Por último, debe trabajarse mucho más para que se reduzca la ignorancia que de las dificultades estratégicas que sufren las empresas a menudo tienen los trabajadores, con un mayor nivel de formación del trabajador, y un aumento de las posibilidades para colaborar en la formulación de estrategias de largo plazo de las empresas, como sucede a menudo en las cooperativas, o en las empresas alemanas o japonesas. Sobre todo en el ámbito de las pymes, el trabajador a menudo da por supuesto que la empresa tiene fondos suficientes para sostener el empleo en situaciones de caída de ventas, sean fondos de la propia empresa o personales, cuando a menudo entre las pymes no es el caso, ni debe serlo. El Estado, y los gobiernos regionales y locales, han de tener responsables competentes y profesionales que puedan ayudar a elaborar normas que obliguen a los empresarios a tener una reserva de liquidez que ahora sólo se exige a las grandes empresas como los bancos, para proteger al empleo, sin perjudicar al empresario.
En definitiva se debe invertir en trabajo decente y sostenible en línea con los Objetivos de Desarrollo Sostenible de Naciones Unidas. El empleo verde o el fomento del empleo rural pueden ser clave en este sentido ahora que el teletrabajo ha venido para quedarse, y se nos vislumbra un futuro bastante inquietante basado en el distanciamiento social. Para ello sería necesario desarrollar las infraestructuras materiales y digitales y garantizar los servicios públicos y el acceso a la cultura.

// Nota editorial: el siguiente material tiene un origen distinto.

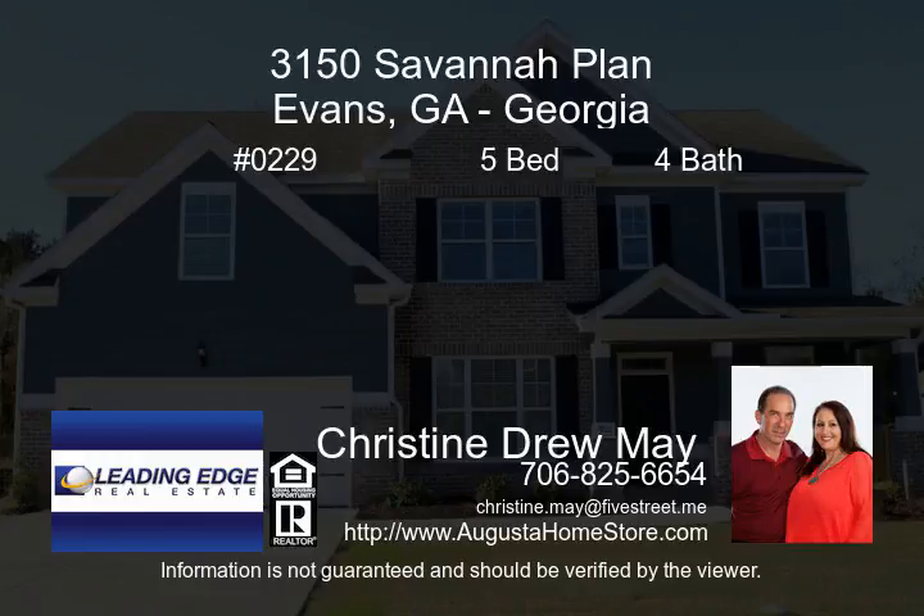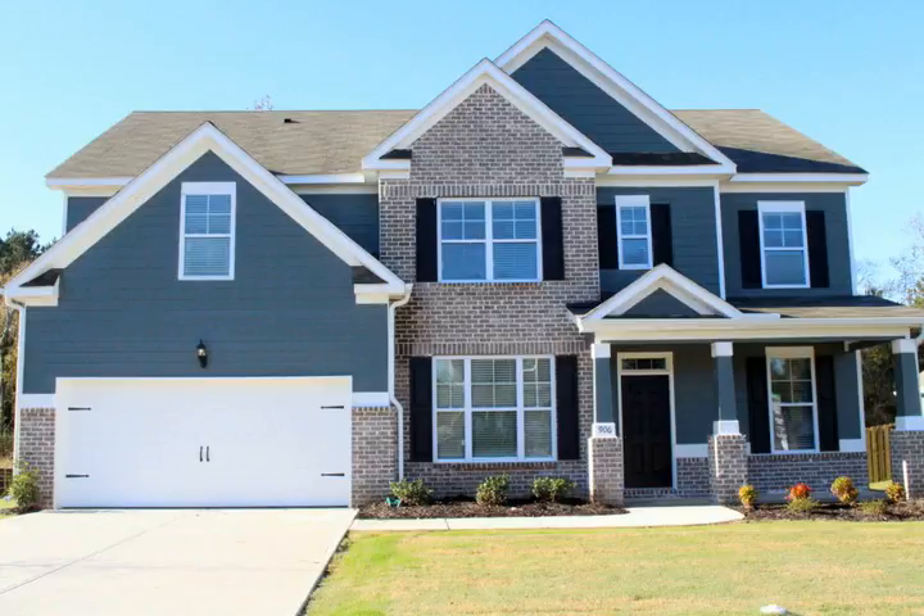$297,990 — build this spacious Havana plan by Wilson Parker Homes, including five bedrooms and four bathrooms.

Todo ello no será posible si no se remodelan las estructuras de incentivos empresariales y la forma de medir el éxito empresarial y de los países, para lo que sería importantes desarrollar políticas fiscales justas, la revisión de las normativas contables, mejorar el diálogo social y otro reparto de los beneficios. Para ellos los principios de la economía social y cooperativa pueden servir sin duda de inspiración para la transformación que necesitará que ese pacto social sea también un pacto social feminista para que el mejor reparto del trabajo no se circunscriba solo al ámbito laboral sino que también incluya el ámbito del trabajo no pagado.
Y todo ello se hará asumiendo responsabilidades ya que las conclusiones de la OIT también insisten en una cosa: nada de todo esto ocurrirá por sí mismo, tendremos que presionar y luchar para que ocurra. Esperemos que la crisis de la COVID-19 que tan dolorosa está siendo en tantos sentidos y para tantas personas, sirva para caminar en la dirección de la justicia social y las oportunidades de trabajo dignas para todas las personas.